Andrea Conconi, Directeur de Ticinowine
Expert en merlot, Urs Mäder, d’Ascona, n’est pas d’accord avec ce scénario. Il cite quelques-unes des solutions concrètes avancées par des chercheurs suisses et européens. «Une demi-douzaine de variétés résistantes aux maladies fongiques ont été homologuées. Ces variétés exigent beaucoup moins de traitements, indique le scientifique Mirto Ferretti. Dans les rouges, citons le divico, répertorié par Agro-scope. Ce cépage, fruit d’un croisement entre le gamaret et le bronner, présente les caractéristiques requises pour produire des vins hauts en couleur et riches en tanins de bonne qualité.»

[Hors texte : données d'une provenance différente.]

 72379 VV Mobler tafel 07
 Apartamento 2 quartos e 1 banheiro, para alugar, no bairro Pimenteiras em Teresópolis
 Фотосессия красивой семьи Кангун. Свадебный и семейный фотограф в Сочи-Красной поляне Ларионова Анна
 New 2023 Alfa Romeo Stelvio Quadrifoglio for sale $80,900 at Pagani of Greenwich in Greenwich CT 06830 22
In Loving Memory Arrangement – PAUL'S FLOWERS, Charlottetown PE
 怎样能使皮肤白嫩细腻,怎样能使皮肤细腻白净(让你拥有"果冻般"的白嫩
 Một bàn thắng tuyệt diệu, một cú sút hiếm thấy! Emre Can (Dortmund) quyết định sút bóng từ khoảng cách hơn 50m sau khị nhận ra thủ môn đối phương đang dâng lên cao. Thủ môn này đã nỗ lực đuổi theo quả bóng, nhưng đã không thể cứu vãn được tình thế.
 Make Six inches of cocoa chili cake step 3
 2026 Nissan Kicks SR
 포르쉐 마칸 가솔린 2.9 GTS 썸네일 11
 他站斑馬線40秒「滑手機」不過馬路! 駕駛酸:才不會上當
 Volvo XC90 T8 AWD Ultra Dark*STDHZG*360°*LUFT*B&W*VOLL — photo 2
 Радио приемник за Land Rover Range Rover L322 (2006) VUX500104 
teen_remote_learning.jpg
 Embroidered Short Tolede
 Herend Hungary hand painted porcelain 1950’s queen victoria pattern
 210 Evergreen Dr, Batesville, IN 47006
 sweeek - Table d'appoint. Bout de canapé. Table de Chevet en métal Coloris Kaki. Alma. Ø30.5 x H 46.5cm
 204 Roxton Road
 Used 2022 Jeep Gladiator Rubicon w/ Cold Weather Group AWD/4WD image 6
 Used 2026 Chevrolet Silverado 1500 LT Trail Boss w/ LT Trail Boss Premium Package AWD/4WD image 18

Le chercheur se demande pourquoi ne pas amener la viticulture durable dans la vallée et concentrer le merlot sur le terroir viticole? Le galotta, par exemple, a convaincu l’œnologue Fabio Zanini: «J’ai été séduit par sa structure puissante, sa belle couleur et son parfum de fruits des bois et de confiture.»
Aujourd’hui, le paysage vitivinicole tessinois se compose à près de 85% de merlot. «Il le sera pour la prochaine génération, notamment pour des raisons commerciales. C’est l’image que nous cultivons de ce côté-ci du Gothard», explique Andrea Conconi, directeur de Ticinowine, l’office tessinois pour la promotion vitivinicole. «Pour preuve, le succès du merlot blanc qui atteint aujourd’hui 22% du volume total des vins tessinois.»
Même son de cloche du côté de Sylvia Berger, responsable du secteur des vins chez Coop: «Les Suisses alémaniques aiment le merlot tessinois. D’ailleurs, grâce à l’été caniculaire, nous avons assisté cette année à une augmentation des ventes de vin blanc, au détriment du rouge. J’entrevois un développement favorable des merlots vini-fiés selon les techniques modernes. Mais les classiques barriqués resteront.» «Il est néanmoins important de pouvoir continuer à proposer du merlot à des prix abordables, avertit Daniele Maffei, œnologue, directeur de l’Azienda agraria de Mezzana et juré de plusieurs concours. Notre merlot doit faire partie du plaisir ordinaire de chacun.»
«Le merlot doit faire partie du plaisir ordinaire de chacun»
Daniele Maffei, de la cave cantonale de Mezzana
La complexité d’un monocépage
En tout cas, les touristes veulent goûter le vin local et souhaitent connaître son paysage et ses fruits, affirme Mirko Rainer, au contact permanent avec les hôtes de son restaurant et bar à vin à Mendrisio. «Même les clients tessinois recherchent de plus en plus le merlot en monocépage. Et ce sont précisément ces étiquettes qui me rendent le plus fier, étant donné que l’art de produire un monocépage est le plus complexe. Une telle bouteille mérite donc un prix approprié. Les assemblages sont produits à l’étranger, laissons-leur cet avantage», conclut le sommelier Mirko Rainer.